<ヤンキース9-5マリナーズ>◇21日(日本時間22日)◇ヤンキースタジアム

 【ニューヨーク=木崎英夫通信員】マリナーズ・イチロー外野手(36)がヤンキース戦で2打席連続本塁打を放った。1回にメジャー通算32本目の先頭打者アーチを記録すると、3回にも2打席連続の5号ソロ。1試合2発は昨年5月15日以来5度目で、敵地では8年ぶり。9回にも相手の守護神リベラから安打を放ち、今季50度目の複数安打で200安打まであと41本とした。
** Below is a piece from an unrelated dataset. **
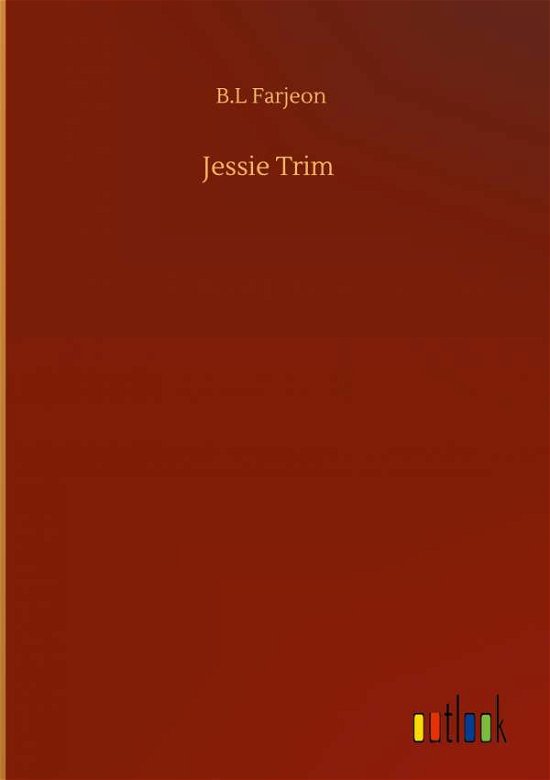 Cover for B L Farjeon · Jessie Trim (Gebundenes Buch) (2020)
 イチローは見逃さなかった。2本塁打は、いずれもヒッティングカウントから、捕手ポサダの構えたミットとは反対の高さとコースに来るチェンジアップ。初回第1打席はカウント0-2から外角に浮いた3球目を、続く3回の第2打席はカウント0-1から外へ逃げきらない2球目を踏みこんで振り抜いた。2発とも痛烈なライナーとなり、ヤンキースファンが陣取る右中間席へ飛びこんだ。

 敵地での2連発は、02年7月13日にレイズのトロピカーナフィールドで記録して以来8年ぶり。ヤンキースタジアムでは初となった。ところが新“聖地”での快挙には、さしたる感情がわいてこない。「普段なら入らないのに入るのは特別だよ」と、右翼から右中間にかけて狭い独特の形状に触れたぐらい。それも09年に開場した新スタジアムの客層の変化によるところが大きい。熱くどぎついヤジを容赦なく浴びせてくるファンが減った。昨年のイチローは物足りなさを感じ、捕ったボールをスタンドに投げ入れる構えからグラブにしまう挑発行為まで見せた。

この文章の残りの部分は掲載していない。